Tomek · May 23, 2015, 1:27pm

I have some sentence -> “Ala ma kóta”. I need to correct it, because there can be some mistakes done within it, so I’m using LT for it.
Next step is to obtain core words (lemmas) for text classification -> I’m using here external morfologik library. In this part morfologik is not recognizing some basic words i.e. “nie”, but LT has no problem to process it (correction or just skip).
In this moment I’m just curious if LT is extracting cores for its own correction purposes, so i can use it instead of my step with morfologik library

Hope it is can help

dnaber · May 23, 2015, 1:32pm

You can use Text Analysis - LanguageTool to see the internal analysis of LT. LT also uses morfologik for finding the base forms of words.

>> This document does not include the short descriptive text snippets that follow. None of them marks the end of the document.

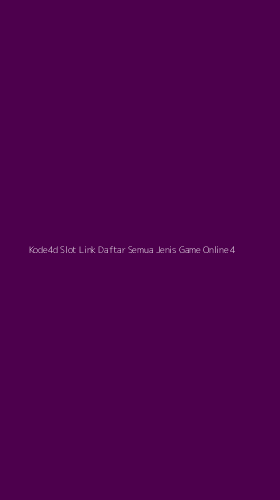 Tampilan Antarmuka Aplikasi Kode4d Slot Link Daftar Semua Jenis Game Online - 4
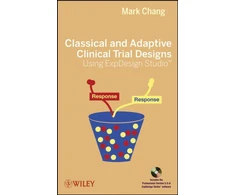 KNYGA Mark Chang Classical and Adaptive Clinical Trial Designs Using ExpDesign Studio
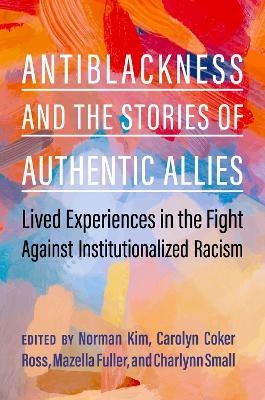 Antiblackness and the Stories of Authentic Allies - 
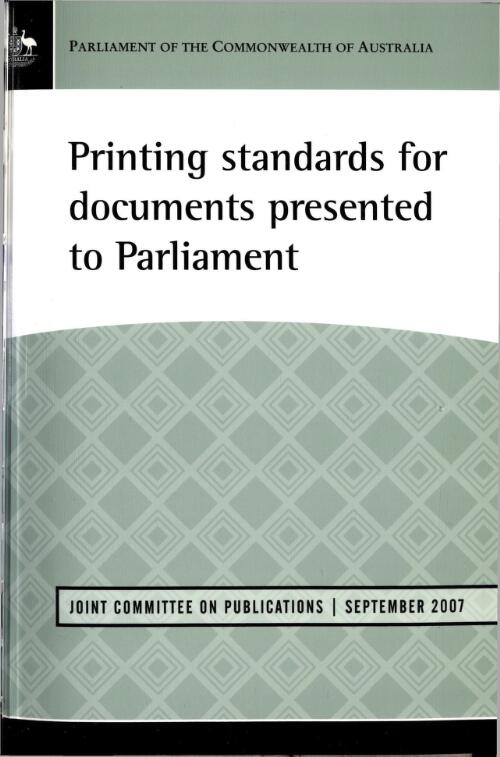 Printing standards for documents presented to Parliament / Parliament of the Commonwealth of Australia, Joint Committee on Publications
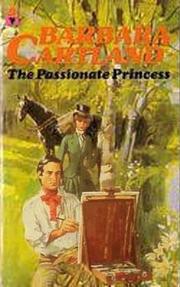 Front cover of The Passionate Princess by Barbara Cartland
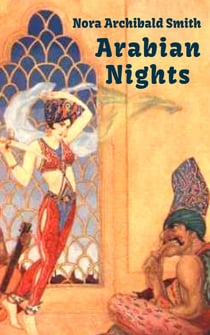 Arabian Nights (Tales from One Thousand and One Nights) - Ali Baba and the Forty Thieves, Aladdin and the Magic Lamp, Sinbad the Voyager, and many more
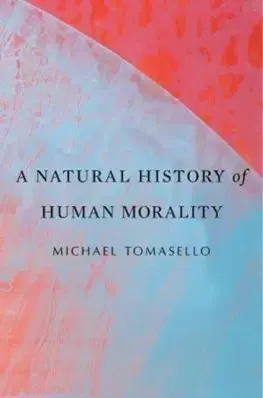 Filozofia Natural History of Human Morality - Michael Tomasello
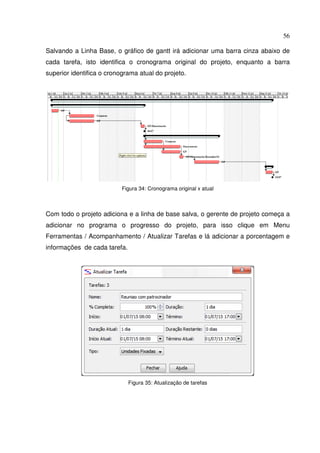 56
Salvando a Linha Base, o gráfico de gantt irá adicionar uma barra cinza abaixo de
cada tarefa, isto identifica o cronograma original do projeto, enquanto a barra
superior identifica o cronograma atual do projeto.
Figura 34: Cronograma original x atual
Com todo o projeto adiciona e a linha de base salva, o gerente de projeto começa a
adicionar no programa o progresso do projeto, para isso clique em Menu
Ferramentas / Acompanhamento / Atualizar Tarefas e lá adicionar a porcentagem e
informações de cada tarefa.
Figura 35: Atualização de tarefas
 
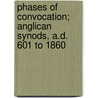Phases Of Convocation; Anglican Synods, A.D. 601 To 1860 door Walter Peace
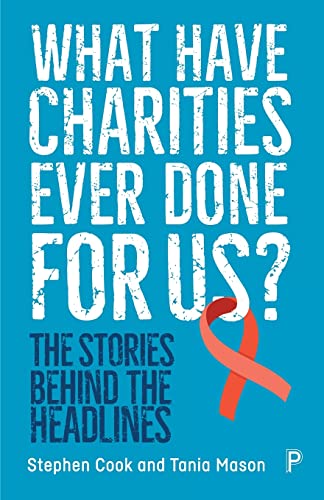 Beispielbild fr What Have Charities Ever Done for Us?: The Stories Behind the Headlines zum Verkauf von WorldofBooks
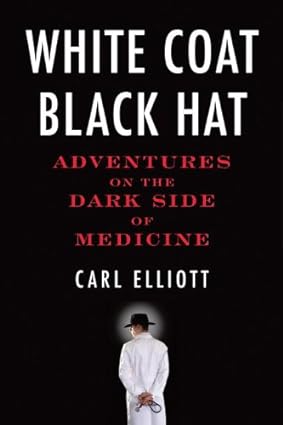 White Coat, Black Hat: Adventures on the Dark Side of Medicine - Epub + Converted Pdf
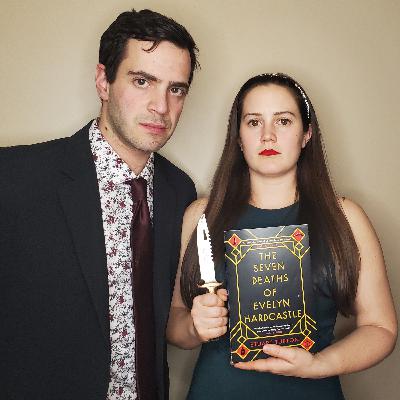 The Seven Deaths of Evelyn Hardcastle by Stuart Turton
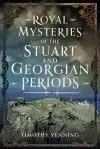 Royal Mysteries of the Stuart and Georgian Periods cover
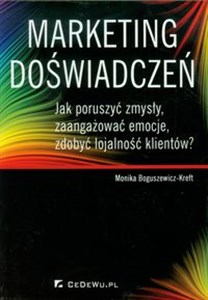 Bild von Marketing doświadczeń Jak poruszyć zmysły, zaangażować emocje, zdobyć lojalność klientów?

But if LT can process a word that doesn’t always mean it knows the base form, as the error detection rule maybe works without the base form.

Tomek · May 23, 2015, 1:46pm

Ok, many thanks for help

I have found there is a function “getAnalyzedSentence” that return basic info about analyzed string. What I’m gonna to do is “analyze” corrected sentence to obtain lemmas and then process them further. What do you think about such idea?

dnaber · May 23, 2015, 1:53pm

That’s a valid approach. You could also use getTagger() of your language class (e.g. “new English().getTagger()”) and then call tag() but the result should be the same.

Tomek · May 23, 2015, 1:56pm

Thanks